Parotid acinic cell carcinoma (ACC) is a rare malignancy of the salivary glands that comprises 6%–8% of all salivary gland neoplasms.1 It has a high rate of metastasis and significant tendency for local and late (>30 years) recurrence.1–3 The distant spread of salivary gland ACCs occurs in approximately 12% of patients and is associated with poor survival rates.1 The 2 most common metastatic sites of parotid ACCs are lungs and bones, whereas metastases to the cavernous sinus, spine, sternum, orbit, liver, and skin have also been reported.1–3

The significant morbidity associated with spinal cord compression secondary to cancer is well documented.4,5 However, in almost all cases of spinal cord compression from malignant metastasis, the tumor is located in the epidural space.4,5 It is rare to observe an intradural extramedullary (IDEM) metastatic neoplasm and only a handful of such cases have been reported.6–12 These cases describe primary malignancies from the breast, kidneys, adrenal glands, esophagus, and lungs.6–13 There is not only a lack of guidance toward the surgical management of such cases, but also challenges around diagnosis given low pretest likelihood. We aim to advance our understanding of IDEM malignancies by presenting the first report of a primary parotid ACC resulting in a symptomatic IDEM mass. Although surgical intervention may not be indicated in advanced widespread malignancy, the severely limited treatment options in this case (no further systemic chemotherapy available and no possible repeat radiation to the area), as well as the indolent nature of the primary malignancy, prompted surgical consideration.

Illustrative Case

History

A 79-year-old male with a complicated 29-year history of widespread metastatic parotid ACC presented to the emergency department complaining of a 10-day history of numbness in both hands, worsening dexterity, and deterioration of balance to the point where he was unable to stand independently, symptoms consistent with progressive cervical myelopathy.

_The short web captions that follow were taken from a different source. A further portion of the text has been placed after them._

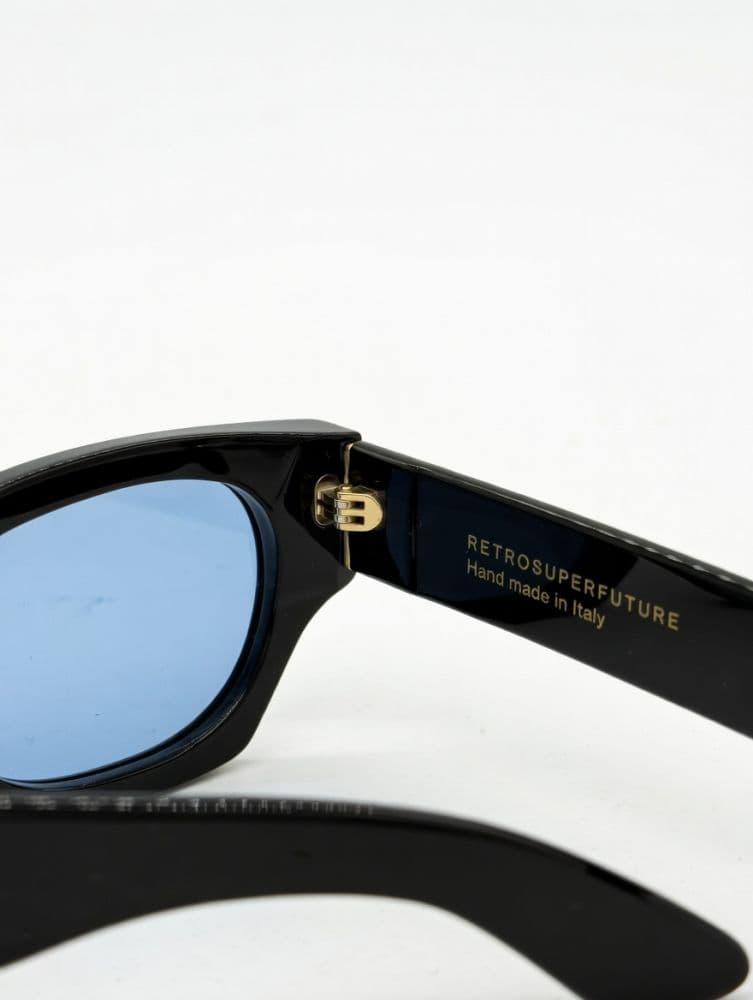 ΓΥΑΛΙΑ ΗΛΙΟΥ RETROSUPERFUTURE TONO-TZA AZURE BLACK RETROSUPERFUTURE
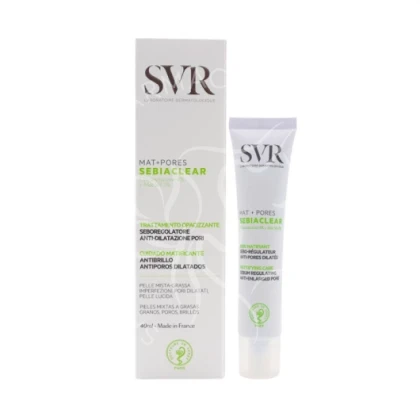 SVR SEBIACLEAR MAT+PORE 40ML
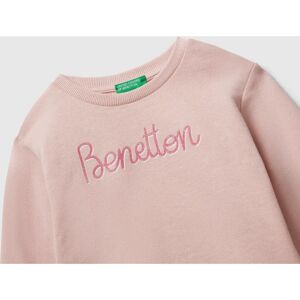 Benetton Model Pink Glitter Sweatshirt - Kids Benetton Model Pink Glitter Sweatshirt - Kids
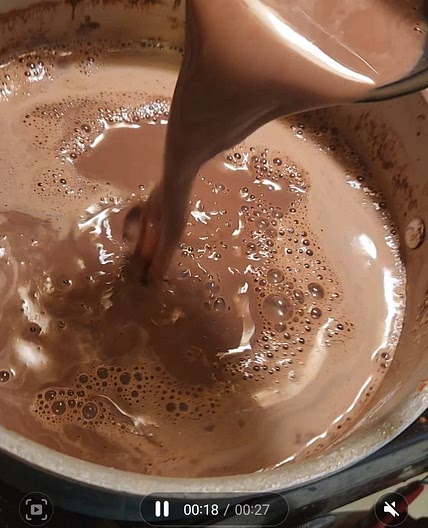 Rich, Creamy French Style Hot Chocolate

The patient was originally diagnosed with left parotid acinar cell carcinoma in 1992 that was treated with total surgical resection, neck dissection, and postoperative radiotherapy and chemotherapy. He remained asymptomatic until local recurrence in 1998 that was treated with further radiation and chemotherapy. Multiple sites of metastases (spine, lung, cerebellum) were identified over the years through regular oncology visits. Because there was no compression and no neurological symptoms, the patient declined surgery and opted for radiation therapy to his cervical and thoracic spine with palliative intent. The systemic disease was managed for decades with radiation and chemotherapy alone.

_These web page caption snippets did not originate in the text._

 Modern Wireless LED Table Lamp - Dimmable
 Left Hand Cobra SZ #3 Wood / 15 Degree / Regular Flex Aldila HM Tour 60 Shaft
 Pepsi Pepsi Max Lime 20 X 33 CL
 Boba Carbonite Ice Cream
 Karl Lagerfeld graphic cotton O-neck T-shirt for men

The patient remained clinically and radiographically stable until 2019 when he presented with a painful lump on his back at the T6 level that on magnetic resonance imaging (MRI) revealed an epidural mass touching the spinal cord. Routine monitoring with the patient’s oncologist later revealed disease progression causing a pathologic fracture at the C2 level (Fig. 1). After several months of conservative management, the patient’s worsening mechanical neck pain led to surgical intervention via occipitocervical fusion.

FIG. 1.
FIG. 1.

A: Sagittal T1-weighted MRI with intravenous gadolinium contrast of the cervical spine showing an extradural tumor at the C2–C3 level, prior to any surgical management. B: Axial view of panel A at the C2 level showing compression of the spinal cord. C: Sagittal computed tomography (CT) of the cervical spine showing pathologic fracture of C2, prior to any surgical management. D: Axial view of panel C at the C2 level. E: Lateral radiograph of the cervical spine post-tumor debulking and instrument fusion from occiput-C6.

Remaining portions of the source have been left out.